En el mundo latino, los escritores no tenemos nada que hacer. Nos pagan mal, nos acusan de comunistas y nos molestan. Yo estoy acostumbrado a eso. Como no represento a nadie y como, además, pertenezco a un mundo espiritual sin estructura, a esta desgraciada clase media chilena que todos ustedes conocen, cada vez que firmo un artículo hay por lo menos cien que protestan. Por otra parte, me encanta saber que existe gente que protesta cuando yo respiro.
Hace muchos años, no tenia doce años aún, me ocurrió la idea de meterme en el escritorio de mi padre. Como este caballero, ferroviario antiguo, para que lo sepáis de una vez por todas, era propietario de una máquina de escribir, yo me di cuenta de que había que aprovecharla. Me puse a escribir como un loco. Como un loco lo sigo haciendo todavía. Creo que, para hablar con honradez, ningún escritor verdadero podría declarar otra cosa. Nunca he podido, por eso mismo, saber para quién escribo. Se escribe, en último término, para un adolescente de provincia, magnánimo y generoso que todavía cree en los escritores. Para un adolescente como yo era hace veinte años, cuando todavía creía en los poemas cubistas de Juan Marín, cuando me encantaba con los relatos de Salvador Reyes; cuando, en fin, era inocente. En esa época, entre malón y malón penquista, me metía en la biblioteca de la Universidad de Concepción, bajo la sombra poderosa de don Enrique, a quien a pesar de todo sigo considerando el más grande de los chilenos, y allí, golpeado por el hálito estremecido de Ortega y Gasset, de Unamuno y Pérez de Ayala, me divertía pergeñando versos.
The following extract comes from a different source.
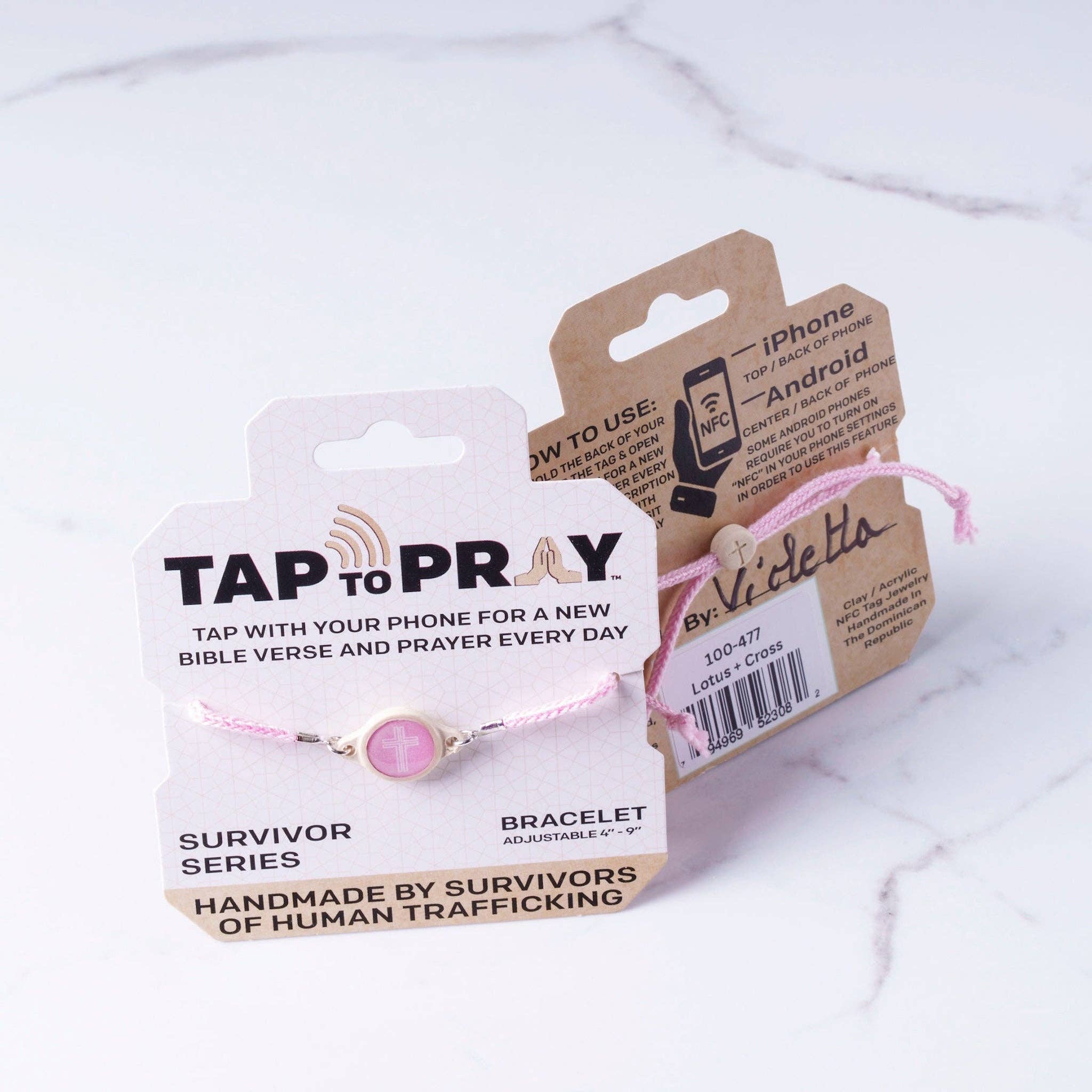 Versible - Wholesale Woven/Braided Bracelet - Tap To Pray® Survivor Series Bracelet7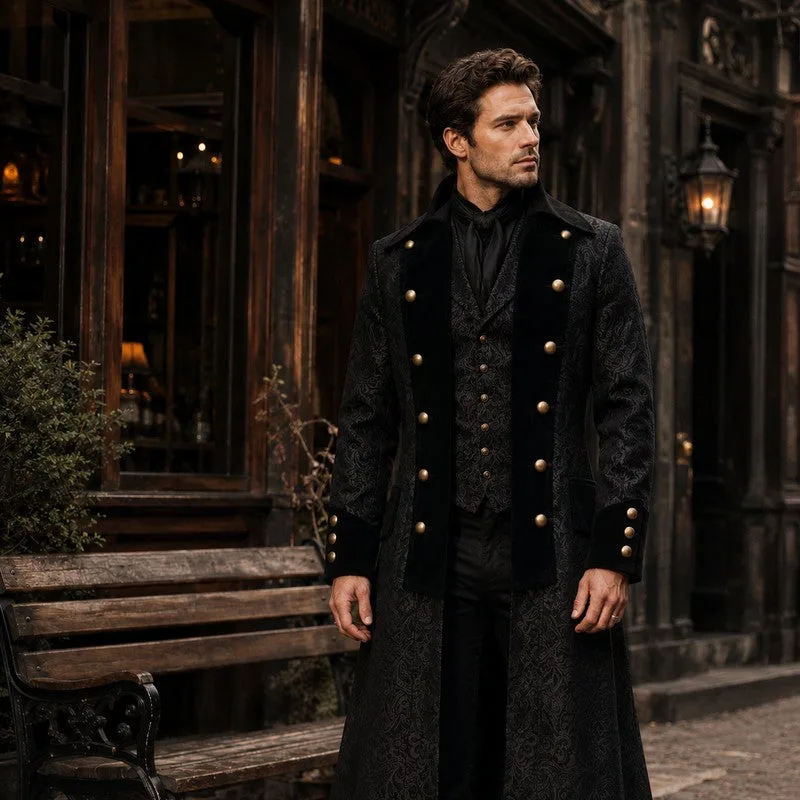 Vue 2 — Veste Steampunk Homme Victorienne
Ahora, cuando escribo versos, no me divierto nada. Incluso me da un poco de vergüenza.
¿Por qué escribo? ¿Para quién escribo? Mi conciencia profesional, si es que la tengo, no es otra cosa que copia de ese acto inicial de hace veintisiete años. Tengo la impresión de que mi conciencia no está arrendada a nadie. No soy comunista, no soy partidario de nadie. Gózome, en cambio, refugiándome en propia vida. Desde allí, como un francotirador, disparo a voluntad sobre el mundo. Llorando, porque esa es la única actitud digna del ser humano, religioso sin religión, partidario sin partido, simpatizante sin objeto loable de simpatía, así soy yo. No hago otra cosa que llorar.